While it’s been nonstop for Cindric away from the public eye, on the racetrack, he’s been almost out of sight and out of mind since leaving Daytona Beach. Results for the No. 2 team have been up and down, although a close look at the loop data (specific performance metrics) suggests Cindric is finishing about where’s he’s running each week.
* Fontana: avg. position 10th, finished 12th
* Las Vegas: avg. position 20th, finished 19th
* Phoenix: avg. position 20th, finished 24th
* Atlanta: avg. position 21st, finished 32nd
* Circuit of the Americas: avg. position 11th, finished eighth
* Richmond: avg. position 18th, finished 20th
Cindric failed to finish at Atlanta Motor Speedway – in a wild weekend where drivers faced a revamped 1.5-miler that raced like a superspeedway, Cindric was one of 31 drivers involved in incidents. The second incident that Cindric was caught in on lap 202 was the one that knocked him out of the race.
The eighth-place effort on the road course at COTA on March 27 was Cindric’s first top-10 finish since the Daytona 500. It was also the first race since Daytona where he’d led laps.
As Cindric and his Jeremy Bullins-led group has started to get into a rhythm, they’ve found themselves dealing with the same thing the rest of the competition is. The biggest on the agenda, of course, is Next Gen.
“It’s trying to figure out a new car and new situation and put that on top of new competitors and new team members,” Cindric says. “There’s a lot of newness for me.
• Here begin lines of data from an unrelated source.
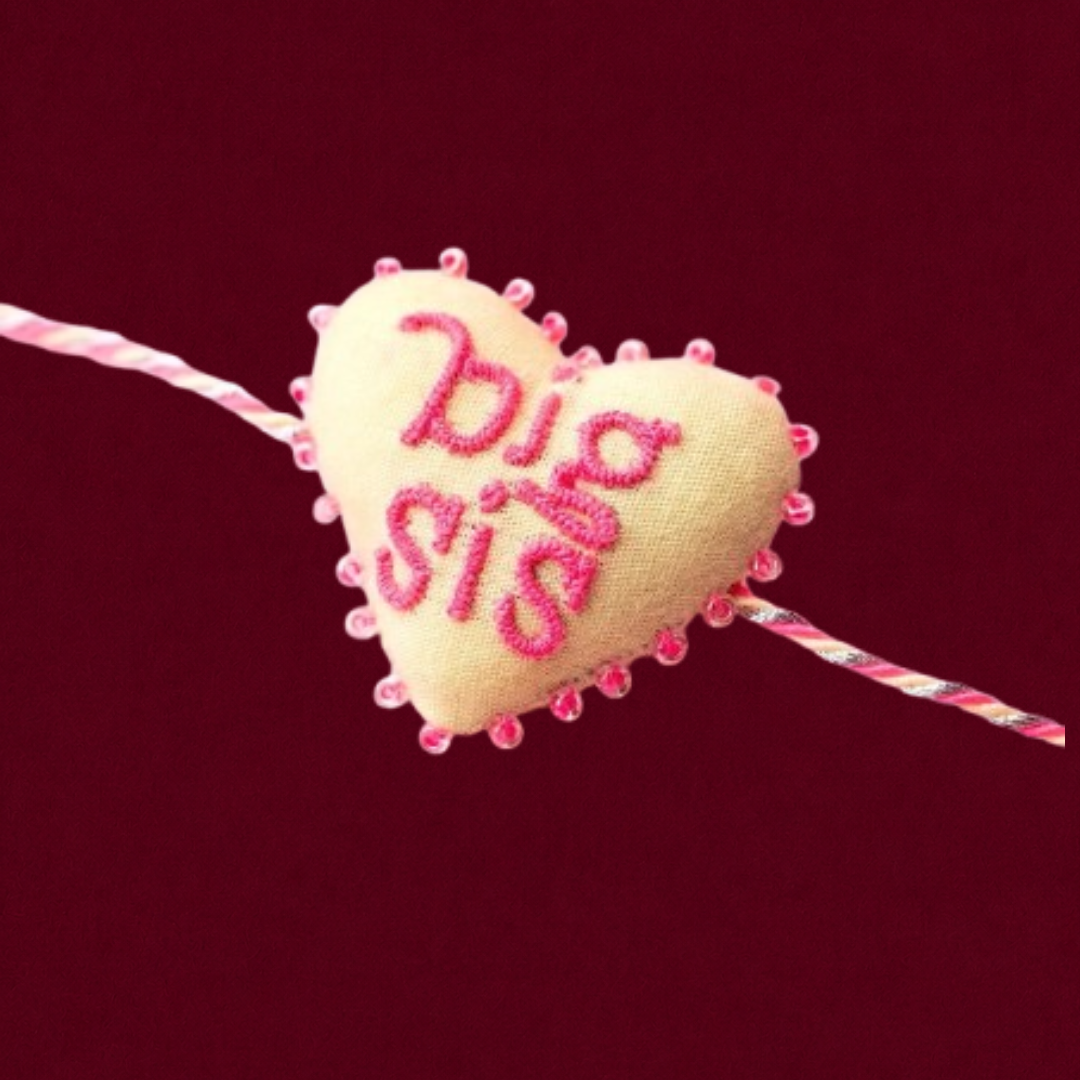 Big Sis Heart Embroidered Rakhi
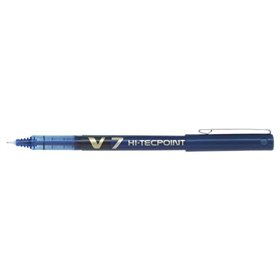 Caneta Rollerball Pilot V7 HI-Tecpoint com Tinta Líquida - Ponta Fina de 0,7 mm - Curso de 0,5 mm - Cor Azul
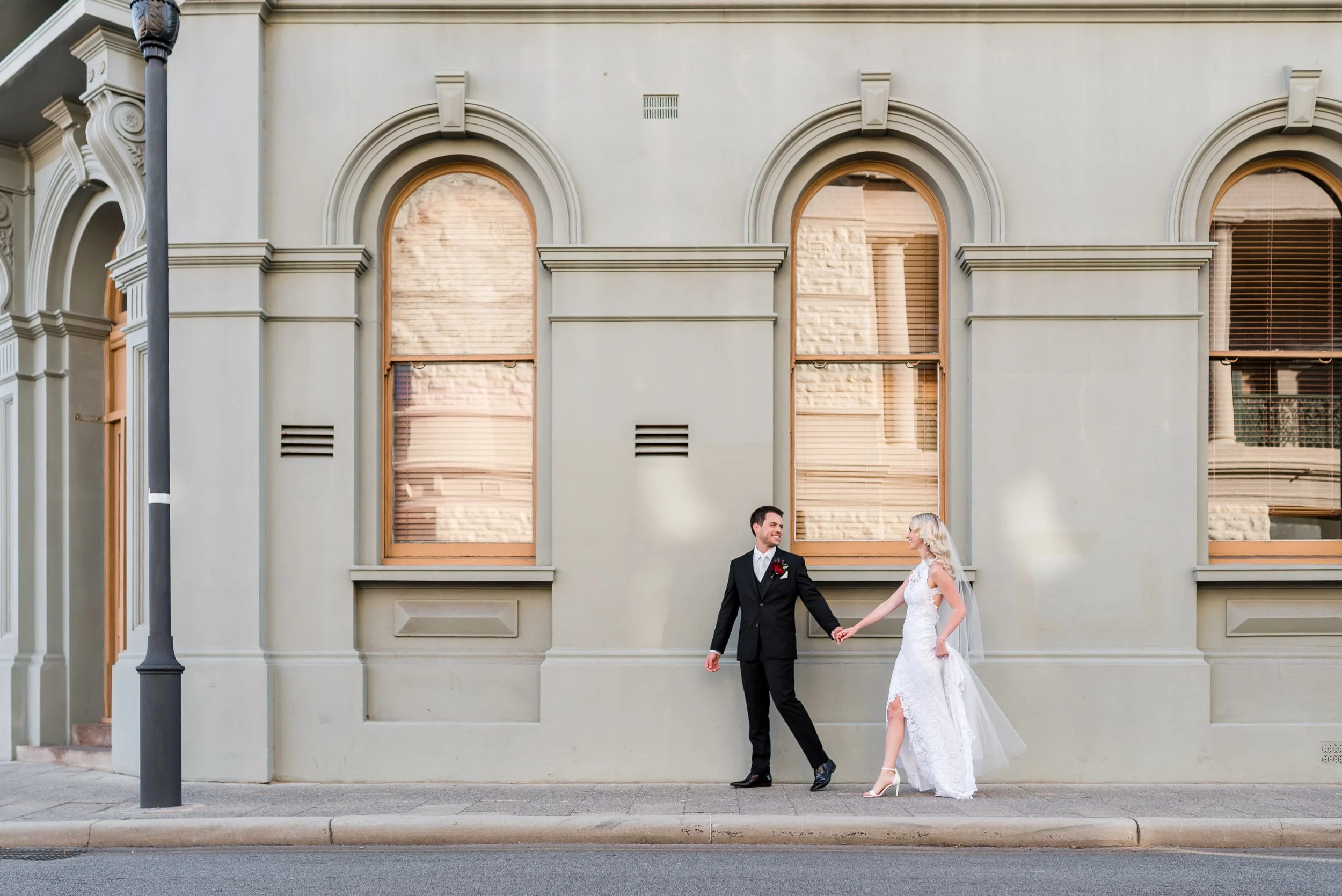 Wedding Couple in the streets of Fremantle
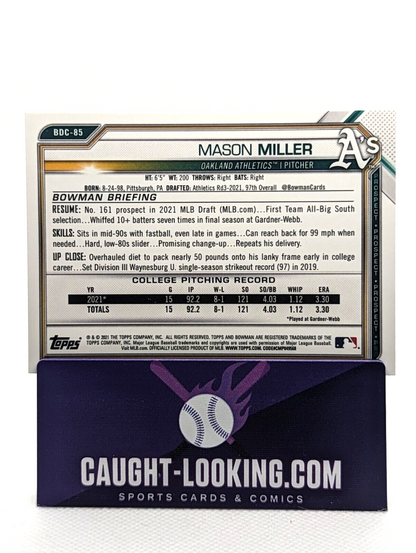 Mason Miller #BDC-85 2021 Bowman Draft Chrome Athletics 1st Bowman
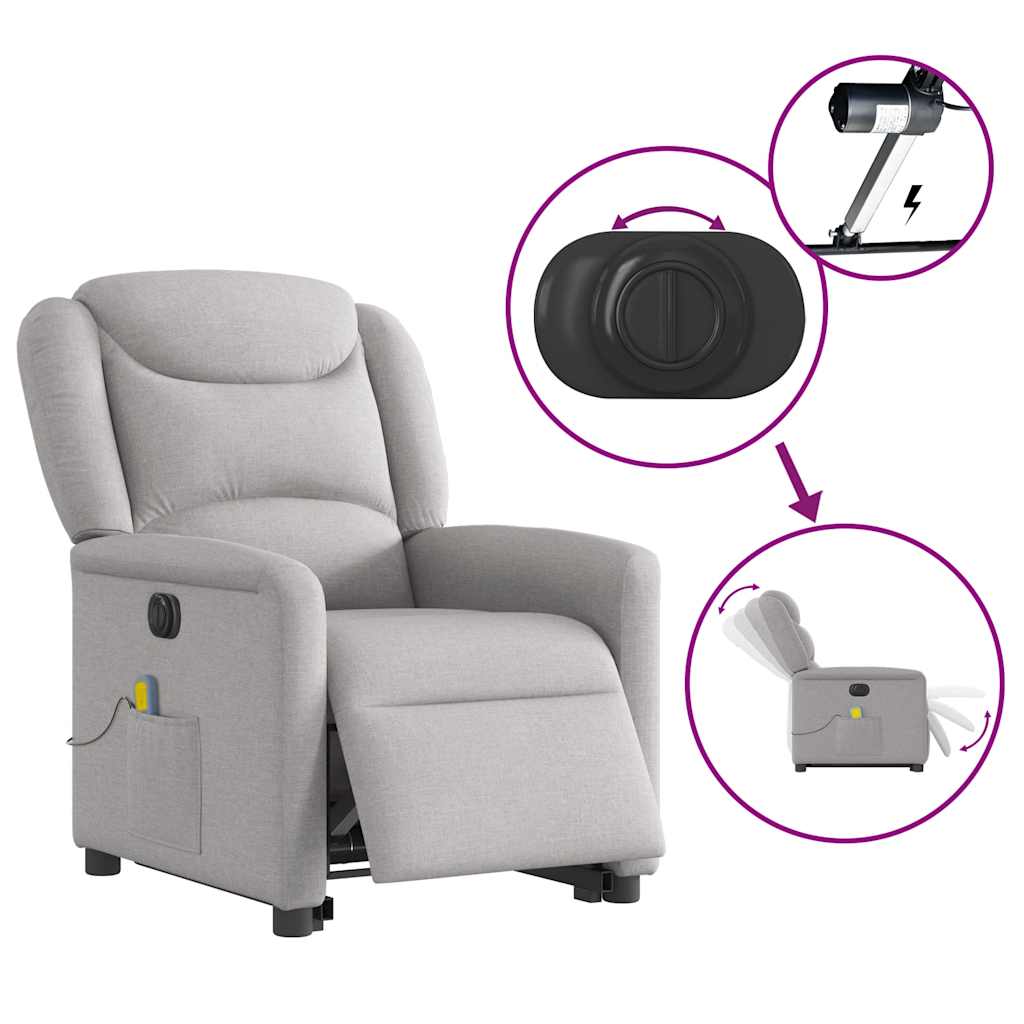 Sta-op-massagestoel elektrisch verstelbaar stof wolk grijs is nu te koop bij PeponiXL, paradijselijk wonen!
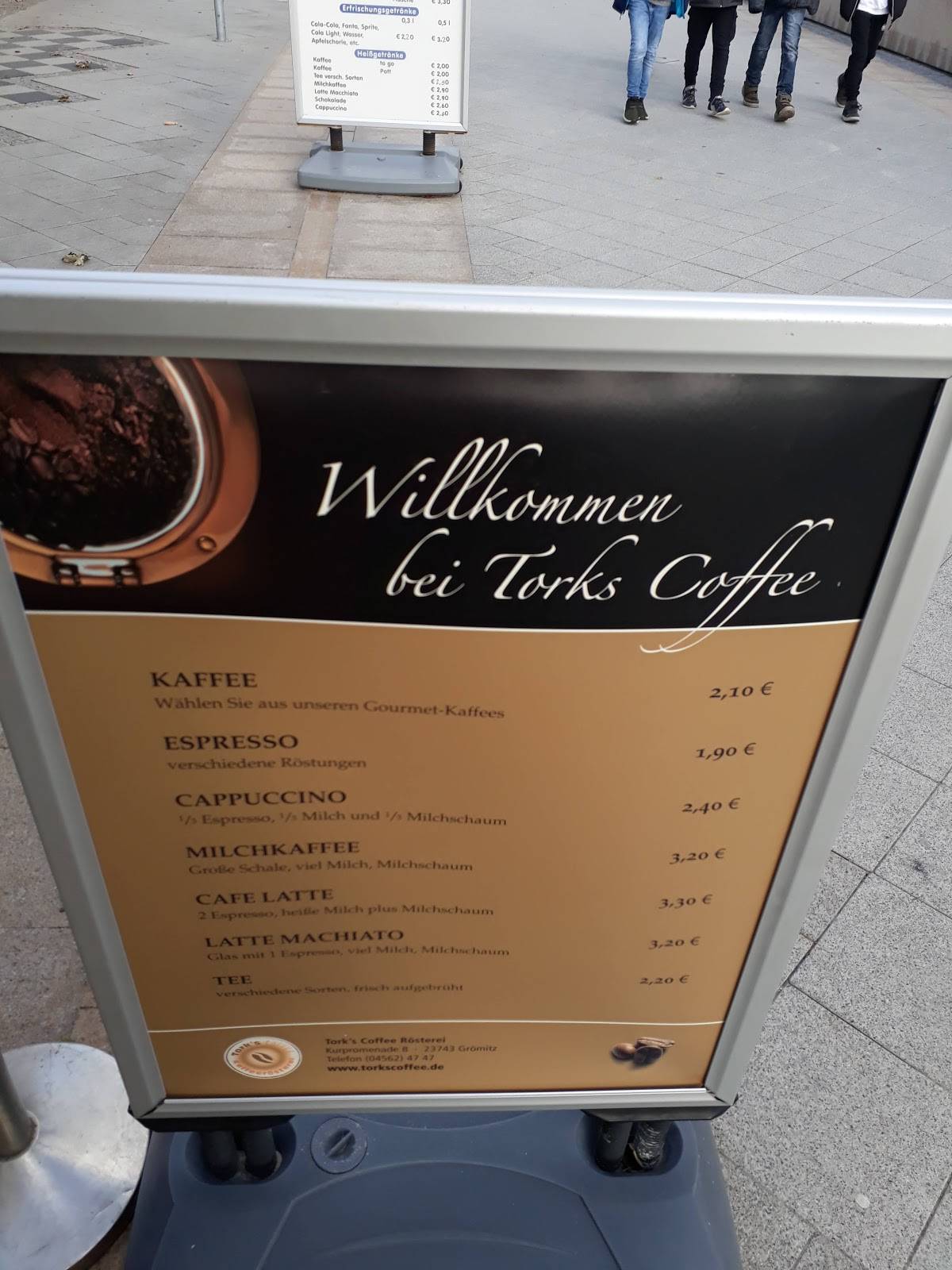 Speisekarte von TorksCoffee Kaffeerösterei und Waffel House cafe, Grömitz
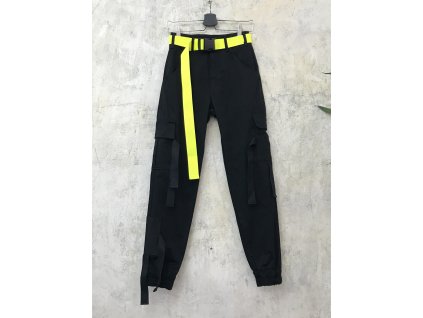 PRINCESS TIRAMISU černé unisex CARGO kalhoty kapsáče s třásněmi a neonovým žlutým páskem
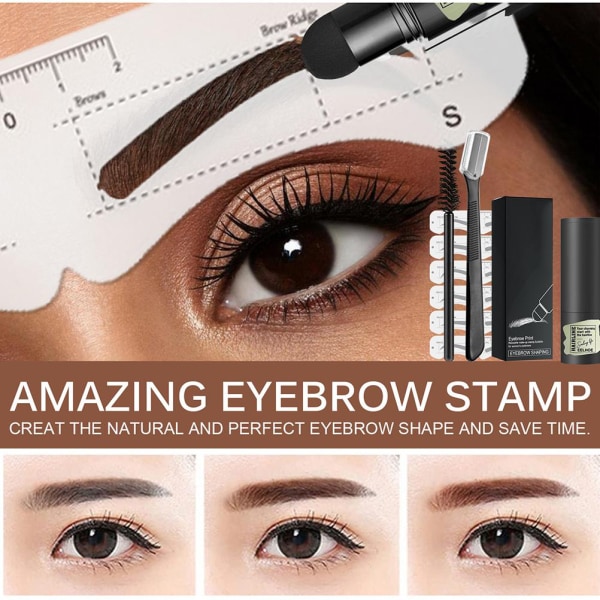 One Step Eyebrow Stamp Shaping Kit Eyebrow Puder Stamp Makeup Långvarig byggbar ögonbrynssmink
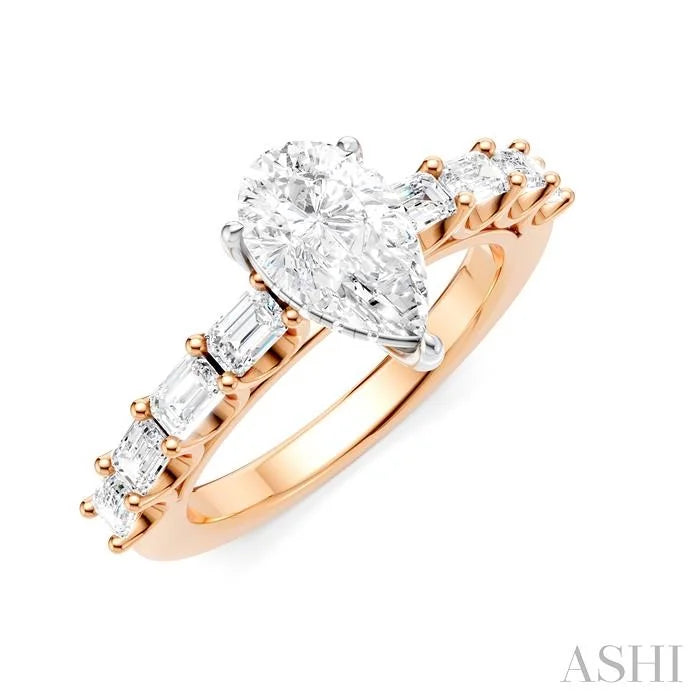 Pear Shape Semi-Mount Diamond Engagement Ring
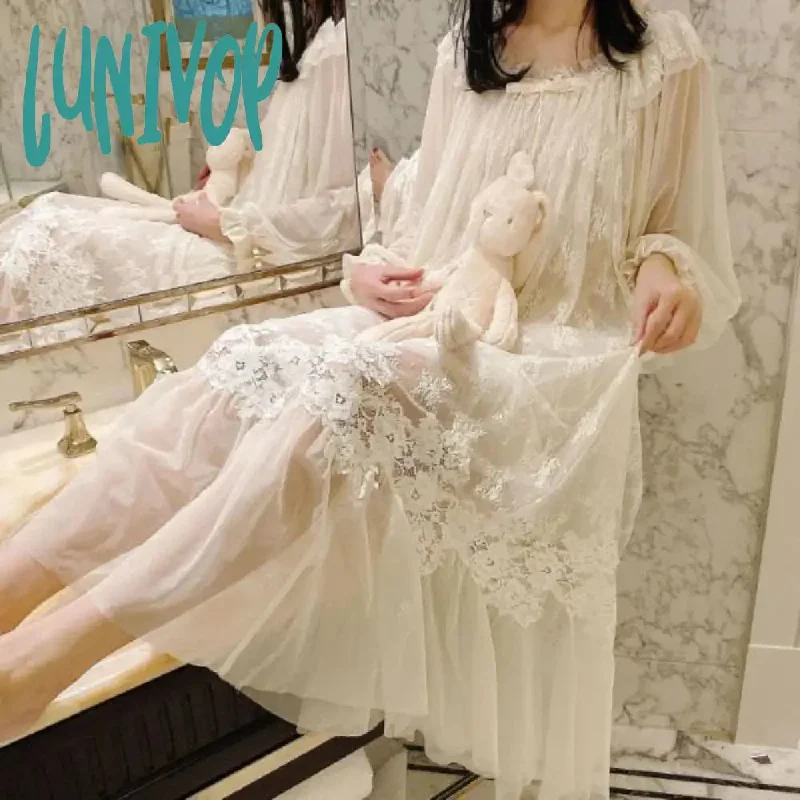 Lunivop Fairy White Night Dress Women Sexy Lace Peignoir Long Sleeve Robe Dressing Gown Vintage Nightgown Princess Nightwear Sleepwear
A lot of that is an opportunity to grow, but in some ways, it’s good to have a new environment. But otherwise, just adapt and react and try to make the most of it and on the bad days, learn and on the good days, be happy they were good.”
The good news for Cindric is that no part of the process has been too surprising.
“I don’t think so,” he says. “I think for me, mentality-wise I’m working with a very, very different group than I was last year, and that’s not for better or worse. It’s just different people that react and respond in different ways.”
Cindric led the point standings through the first two races but has since fallen to 15th. Not that it matters in the big picture since Cindric knows he’ll be in the postseason, but in regards to performance, the reality is that while Cindric is comfortable with where the team is and what it has, there is still work to do.
“I think it’s a little early to tell as far as if we’re to overreact to anything,” he said. “But it’s a really tight-knit group on the 2 car, so I’m just trying to integrate myself into that and get ourselves a process going, which I think is important. We’re a couple of races in and there’s been some good and some bad, and we’ll learn from it.”